We are committed to assist colleges needing major changes, with a £100,000 transition grant and access to a restructuring facility, where needed.
Strong governance plays a key role in a college’s success too, and we are confident that colleges will be able to maintain their financial resilience in the long term.
But, if in the future, should colleges suffer extreme financial difficulties, the Technical and Further Education Bill will provide clarity in the unlikely event of insolvency while protecting students as part of the process.
We have a moral duty to students that money is spent on learning, and a responsibility to deliver value for money for taxpayers. The bill has the protection and best interests of students at its heart. It will also encourage prudent borrowing and lending, making sure that money that would otherwise be spent servicing the debt will be invested in high-quality education and training.

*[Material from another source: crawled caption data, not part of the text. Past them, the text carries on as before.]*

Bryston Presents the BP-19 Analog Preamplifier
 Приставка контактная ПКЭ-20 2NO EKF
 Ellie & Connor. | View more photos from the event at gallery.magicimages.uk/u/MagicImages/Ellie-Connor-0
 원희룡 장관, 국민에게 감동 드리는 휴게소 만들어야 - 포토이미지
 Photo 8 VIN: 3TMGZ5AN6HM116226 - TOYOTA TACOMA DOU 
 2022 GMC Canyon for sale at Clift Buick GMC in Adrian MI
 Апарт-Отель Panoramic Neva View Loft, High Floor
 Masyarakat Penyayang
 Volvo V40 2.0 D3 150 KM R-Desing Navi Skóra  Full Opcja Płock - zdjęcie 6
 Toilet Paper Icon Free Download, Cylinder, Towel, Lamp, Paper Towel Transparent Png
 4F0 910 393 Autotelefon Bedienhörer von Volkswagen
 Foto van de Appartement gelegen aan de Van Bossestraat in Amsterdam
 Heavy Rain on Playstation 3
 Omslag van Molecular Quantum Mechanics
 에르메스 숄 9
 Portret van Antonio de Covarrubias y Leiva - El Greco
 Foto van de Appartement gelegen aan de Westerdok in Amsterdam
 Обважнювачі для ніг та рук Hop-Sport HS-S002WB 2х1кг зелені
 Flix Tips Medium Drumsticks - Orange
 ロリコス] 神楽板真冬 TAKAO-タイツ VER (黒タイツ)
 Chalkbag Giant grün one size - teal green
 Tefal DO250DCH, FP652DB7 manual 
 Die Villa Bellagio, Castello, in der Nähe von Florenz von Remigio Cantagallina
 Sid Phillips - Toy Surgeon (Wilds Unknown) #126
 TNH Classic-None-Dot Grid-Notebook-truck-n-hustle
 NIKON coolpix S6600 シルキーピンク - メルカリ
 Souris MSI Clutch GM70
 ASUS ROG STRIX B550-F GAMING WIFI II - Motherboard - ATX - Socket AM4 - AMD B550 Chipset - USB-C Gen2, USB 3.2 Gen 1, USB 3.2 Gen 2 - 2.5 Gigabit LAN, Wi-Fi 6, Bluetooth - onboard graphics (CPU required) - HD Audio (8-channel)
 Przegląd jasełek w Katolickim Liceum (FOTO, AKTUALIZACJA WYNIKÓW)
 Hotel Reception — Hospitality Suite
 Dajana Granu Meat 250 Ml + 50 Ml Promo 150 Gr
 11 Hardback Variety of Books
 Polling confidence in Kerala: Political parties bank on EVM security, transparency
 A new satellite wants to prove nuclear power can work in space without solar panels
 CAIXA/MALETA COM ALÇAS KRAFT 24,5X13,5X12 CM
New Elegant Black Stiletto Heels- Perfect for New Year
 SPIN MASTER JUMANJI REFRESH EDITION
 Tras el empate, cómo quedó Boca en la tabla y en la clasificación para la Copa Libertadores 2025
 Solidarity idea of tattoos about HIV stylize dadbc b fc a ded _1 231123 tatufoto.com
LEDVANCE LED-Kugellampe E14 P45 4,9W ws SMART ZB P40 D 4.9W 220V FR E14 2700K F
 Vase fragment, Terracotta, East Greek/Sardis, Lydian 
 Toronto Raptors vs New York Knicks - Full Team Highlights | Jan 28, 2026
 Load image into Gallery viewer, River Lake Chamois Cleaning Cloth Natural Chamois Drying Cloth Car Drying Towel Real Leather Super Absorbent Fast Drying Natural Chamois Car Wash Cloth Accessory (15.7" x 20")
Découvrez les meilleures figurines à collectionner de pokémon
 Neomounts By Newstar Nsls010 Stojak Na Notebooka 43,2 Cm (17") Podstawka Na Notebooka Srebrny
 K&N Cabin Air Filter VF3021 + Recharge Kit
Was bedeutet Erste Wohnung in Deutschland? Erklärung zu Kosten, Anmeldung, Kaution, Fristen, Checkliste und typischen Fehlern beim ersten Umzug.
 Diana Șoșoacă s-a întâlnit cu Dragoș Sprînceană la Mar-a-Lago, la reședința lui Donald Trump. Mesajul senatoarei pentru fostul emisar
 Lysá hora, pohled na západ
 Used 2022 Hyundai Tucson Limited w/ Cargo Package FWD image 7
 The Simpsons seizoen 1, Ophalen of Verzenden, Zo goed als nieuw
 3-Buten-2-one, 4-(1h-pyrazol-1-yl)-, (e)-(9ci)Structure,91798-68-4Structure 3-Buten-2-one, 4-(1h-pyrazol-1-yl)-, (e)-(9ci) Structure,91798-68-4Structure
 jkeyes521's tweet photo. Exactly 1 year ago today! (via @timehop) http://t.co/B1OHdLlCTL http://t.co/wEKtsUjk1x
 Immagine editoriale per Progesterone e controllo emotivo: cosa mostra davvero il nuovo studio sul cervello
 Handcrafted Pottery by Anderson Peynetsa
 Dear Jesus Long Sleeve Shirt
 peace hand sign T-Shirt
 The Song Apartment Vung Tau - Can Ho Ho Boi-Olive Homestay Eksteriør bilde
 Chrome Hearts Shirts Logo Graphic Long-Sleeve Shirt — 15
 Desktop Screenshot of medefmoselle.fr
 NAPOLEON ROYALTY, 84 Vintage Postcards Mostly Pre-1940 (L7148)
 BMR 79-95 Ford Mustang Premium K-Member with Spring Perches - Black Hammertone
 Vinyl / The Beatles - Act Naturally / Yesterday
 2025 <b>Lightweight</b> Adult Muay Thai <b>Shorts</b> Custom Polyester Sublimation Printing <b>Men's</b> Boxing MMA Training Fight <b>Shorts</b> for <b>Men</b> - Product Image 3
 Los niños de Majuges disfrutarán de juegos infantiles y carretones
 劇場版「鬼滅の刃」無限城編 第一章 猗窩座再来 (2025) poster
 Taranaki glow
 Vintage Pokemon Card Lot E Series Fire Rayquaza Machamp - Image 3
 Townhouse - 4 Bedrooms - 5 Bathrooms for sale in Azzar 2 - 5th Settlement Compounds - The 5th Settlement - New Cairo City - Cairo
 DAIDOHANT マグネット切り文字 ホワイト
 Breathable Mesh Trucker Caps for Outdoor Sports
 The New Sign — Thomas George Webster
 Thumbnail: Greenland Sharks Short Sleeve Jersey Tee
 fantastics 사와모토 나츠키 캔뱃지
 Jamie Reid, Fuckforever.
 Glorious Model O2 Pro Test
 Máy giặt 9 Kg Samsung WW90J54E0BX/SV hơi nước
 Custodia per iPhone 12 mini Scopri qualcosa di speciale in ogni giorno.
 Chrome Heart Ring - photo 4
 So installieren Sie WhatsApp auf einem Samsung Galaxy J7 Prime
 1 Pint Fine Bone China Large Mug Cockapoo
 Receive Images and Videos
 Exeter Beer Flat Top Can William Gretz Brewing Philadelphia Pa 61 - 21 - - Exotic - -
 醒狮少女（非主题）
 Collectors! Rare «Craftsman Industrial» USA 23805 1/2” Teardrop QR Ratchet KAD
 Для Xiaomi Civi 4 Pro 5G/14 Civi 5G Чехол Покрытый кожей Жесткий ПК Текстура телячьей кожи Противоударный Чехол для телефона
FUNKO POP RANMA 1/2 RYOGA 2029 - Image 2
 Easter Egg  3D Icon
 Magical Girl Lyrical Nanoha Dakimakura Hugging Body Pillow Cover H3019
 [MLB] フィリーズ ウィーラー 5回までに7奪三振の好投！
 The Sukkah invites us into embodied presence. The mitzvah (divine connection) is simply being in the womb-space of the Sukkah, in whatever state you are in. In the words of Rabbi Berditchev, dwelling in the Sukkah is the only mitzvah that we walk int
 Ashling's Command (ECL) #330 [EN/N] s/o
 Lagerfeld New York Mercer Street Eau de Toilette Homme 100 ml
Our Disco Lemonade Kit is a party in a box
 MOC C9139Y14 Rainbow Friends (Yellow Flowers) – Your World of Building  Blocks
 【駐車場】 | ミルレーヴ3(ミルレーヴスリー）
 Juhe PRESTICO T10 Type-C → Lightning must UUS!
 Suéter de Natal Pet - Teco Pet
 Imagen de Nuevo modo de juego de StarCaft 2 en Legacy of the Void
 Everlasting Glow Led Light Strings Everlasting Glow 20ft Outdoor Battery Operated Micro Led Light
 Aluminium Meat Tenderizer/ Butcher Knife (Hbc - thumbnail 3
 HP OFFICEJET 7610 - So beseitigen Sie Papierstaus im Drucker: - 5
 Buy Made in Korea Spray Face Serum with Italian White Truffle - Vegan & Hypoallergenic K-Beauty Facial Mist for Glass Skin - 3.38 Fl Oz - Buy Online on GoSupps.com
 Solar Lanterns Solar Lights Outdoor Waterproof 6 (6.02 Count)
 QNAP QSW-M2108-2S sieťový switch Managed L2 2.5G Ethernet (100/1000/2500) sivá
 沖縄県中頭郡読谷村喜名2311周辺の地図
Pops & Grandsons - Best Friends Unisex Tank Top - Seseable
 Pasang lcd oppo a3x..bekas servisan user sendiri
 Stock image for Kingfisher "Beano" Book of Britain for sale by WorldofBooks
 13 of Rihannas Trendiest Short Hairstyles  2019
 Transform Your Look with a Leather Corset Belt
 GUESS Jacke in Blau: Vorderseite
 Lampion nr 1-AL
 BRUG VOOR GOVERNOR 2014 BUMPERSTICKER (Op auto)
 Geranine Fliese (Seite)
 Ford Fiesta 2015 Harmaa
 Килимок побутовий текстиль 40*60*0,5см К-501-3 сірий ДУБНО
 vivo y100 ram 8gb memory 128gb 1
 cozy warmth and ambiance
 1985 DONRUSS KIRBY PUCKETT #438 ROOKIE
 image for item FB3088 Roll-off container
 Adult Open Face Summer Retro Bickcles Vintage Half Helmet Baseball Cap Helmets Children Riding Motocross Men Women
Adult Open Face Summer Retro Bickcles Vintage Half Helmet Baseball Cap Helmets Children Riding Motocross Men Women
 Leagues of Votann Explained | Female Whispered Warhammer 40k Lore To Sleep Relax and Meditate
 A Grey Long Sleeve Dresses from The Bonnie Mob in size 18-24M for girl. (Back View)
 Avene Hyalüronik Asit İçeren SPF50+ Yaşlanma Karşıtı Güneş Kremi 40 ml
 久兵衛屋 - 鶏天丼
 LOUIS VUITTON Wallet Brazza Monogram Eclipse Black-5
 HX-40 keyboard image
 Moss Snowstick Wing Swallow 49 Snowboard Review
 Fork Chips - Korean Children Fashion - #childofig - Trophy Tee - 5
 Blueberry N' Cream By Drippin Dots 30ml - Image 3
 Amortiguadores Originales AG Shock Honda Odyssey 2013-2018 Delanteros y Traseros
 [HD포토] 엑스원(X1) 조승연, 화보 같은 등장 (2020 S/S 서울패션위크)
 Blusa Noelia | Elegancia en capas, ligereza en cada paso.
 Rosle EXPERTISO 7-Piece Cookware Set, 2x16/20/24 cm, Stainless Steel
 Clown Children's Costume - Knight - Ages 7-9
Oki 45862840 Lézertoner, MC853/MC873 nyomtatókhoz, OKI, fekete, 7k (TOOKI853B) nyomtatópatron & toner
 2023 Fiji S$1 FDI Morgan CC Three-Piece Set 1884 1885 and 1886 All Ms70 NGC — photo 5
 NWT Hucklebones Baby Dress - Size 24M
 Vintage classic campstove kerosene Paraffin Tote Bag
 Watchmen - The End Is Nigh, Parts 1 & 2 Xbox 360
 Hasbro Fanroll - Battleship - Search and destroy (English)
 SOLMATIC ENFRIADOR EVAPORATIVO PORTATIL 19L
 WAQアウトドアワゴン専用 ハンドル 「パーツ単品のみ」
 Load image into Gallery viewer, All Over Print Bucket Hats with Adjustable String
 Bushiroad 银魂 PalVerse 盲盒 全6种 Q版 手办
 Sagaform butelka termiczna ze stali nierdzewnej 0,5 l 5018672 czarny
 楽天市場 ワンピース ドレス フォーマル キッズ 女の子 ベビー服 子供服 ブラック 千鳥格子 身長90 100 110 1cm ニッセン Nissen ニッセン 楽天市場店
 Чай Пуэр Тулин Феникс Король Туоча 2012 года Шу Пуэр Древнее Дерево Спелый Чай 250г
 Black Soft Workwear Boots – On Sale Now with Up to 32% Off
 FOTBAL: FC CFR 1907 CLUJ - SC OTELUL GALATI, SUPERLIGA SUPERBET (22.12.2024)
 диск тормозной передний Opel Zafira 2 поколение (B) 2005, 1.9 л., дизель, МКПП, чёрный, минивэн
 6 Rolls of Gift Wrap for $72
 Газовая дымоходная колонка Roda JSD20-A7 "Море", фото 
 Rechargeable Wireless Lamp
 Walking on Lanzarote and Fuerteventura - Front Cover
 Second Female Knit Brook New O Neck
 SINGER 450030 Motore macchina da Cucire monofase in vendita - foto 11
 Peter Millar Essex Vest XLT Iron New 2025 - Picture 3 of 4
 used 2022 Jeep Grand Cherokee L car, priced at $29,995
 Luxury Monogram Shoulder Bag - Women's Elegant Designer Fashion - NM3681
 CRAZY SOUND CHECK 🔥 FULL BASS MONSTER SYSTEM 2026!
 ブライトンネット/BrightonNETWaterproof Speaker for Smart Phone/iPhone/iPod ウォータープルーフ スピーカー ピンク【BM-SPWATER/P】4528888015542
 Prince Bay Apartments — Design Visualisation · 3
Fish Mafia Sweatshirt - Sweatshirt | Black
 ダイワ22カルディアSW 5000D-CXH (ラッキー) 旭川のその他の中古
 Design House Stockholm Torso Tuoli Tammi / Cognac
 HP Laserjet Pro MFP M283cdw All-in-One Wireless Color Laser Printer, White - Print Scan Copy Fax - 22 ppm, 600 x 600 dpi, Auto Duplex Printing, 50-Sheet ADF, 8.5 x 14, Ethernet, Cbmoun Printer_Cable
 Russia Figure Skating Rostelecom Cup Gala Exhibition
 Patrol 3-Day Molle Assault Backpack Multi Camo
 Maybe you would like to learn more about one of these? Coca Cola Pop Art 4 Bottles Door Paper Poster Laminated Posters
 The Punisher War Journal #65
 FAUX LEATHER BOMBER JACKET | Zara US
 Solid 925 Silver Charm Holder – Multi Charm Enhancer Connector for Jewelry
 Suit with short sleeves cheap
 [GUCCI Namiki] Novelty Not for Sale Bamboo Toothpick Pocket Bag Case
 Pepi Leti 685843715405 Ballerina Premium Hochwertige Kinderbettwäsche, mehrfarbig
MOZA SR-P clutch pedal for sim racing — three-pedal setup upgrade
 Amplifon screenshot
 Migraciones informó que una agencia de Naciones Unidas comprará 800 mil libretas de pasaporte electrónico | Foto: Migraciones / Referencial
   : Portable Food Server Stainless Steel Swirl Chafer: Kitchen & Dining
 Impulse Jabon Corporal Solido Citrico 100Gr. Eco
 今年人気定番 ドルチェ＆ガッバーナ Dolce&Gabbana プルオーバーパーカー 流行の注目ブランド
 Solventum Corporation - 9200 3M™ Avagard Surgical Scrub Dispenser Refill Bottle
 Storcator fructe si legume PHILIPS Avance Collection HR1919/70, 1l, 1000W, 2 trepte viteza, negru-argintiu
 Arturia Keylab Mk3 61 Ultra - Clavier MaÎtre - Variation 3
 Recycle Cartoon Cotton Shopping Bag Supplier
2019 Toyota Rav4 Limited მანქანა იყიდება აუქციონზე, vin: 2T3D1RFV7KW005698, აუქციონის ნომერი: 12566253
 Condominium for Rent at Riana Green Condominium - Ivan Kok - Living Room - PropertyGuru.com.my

My fifth priority is to work with you to increase the quality of technical education including apprenticeships. The introduction of the apprenticeship levy and the implementation of the Sainsbury review aim to simplify the existing structures and to provide better quality in technical and professional education.
Quality is everything. It’s no good having millions doing technical education, including apprenticeships, if this isn’t excellent.
The Technical and Further Education Bill expands the role of the Institute of Apprenticeships to include technical education, making sure employers shape the technical qualifications as well as the apprenticeship standards.
We know the challenges in introducing major reforms to apprenticeships, skills and further education are considerable.
For the rest of this Parliament we will focus on consolidating these big changes so that we can ensure that these reforms are bedded in.
When we leave this conference, let us all play a part in making Britain the skills nation we need it to be.
I know that the AoC, with the incredible work that it does, will play a major role in this.
Let us go out and celebrate that 80% of colleges that are either good or outstanding, and the learners that having completed FE courses 64% of students get jobs and 20% continue learning.
Let us celebrate that all age apprenticeship participation has increased to nearly 900,000 apprenticeships in 2015 to 2016, the highest number since records began.
And when we achieve this, I hope every town in Britain will have a sign saying: “Welcome to this town, home to our brilliant FE college”.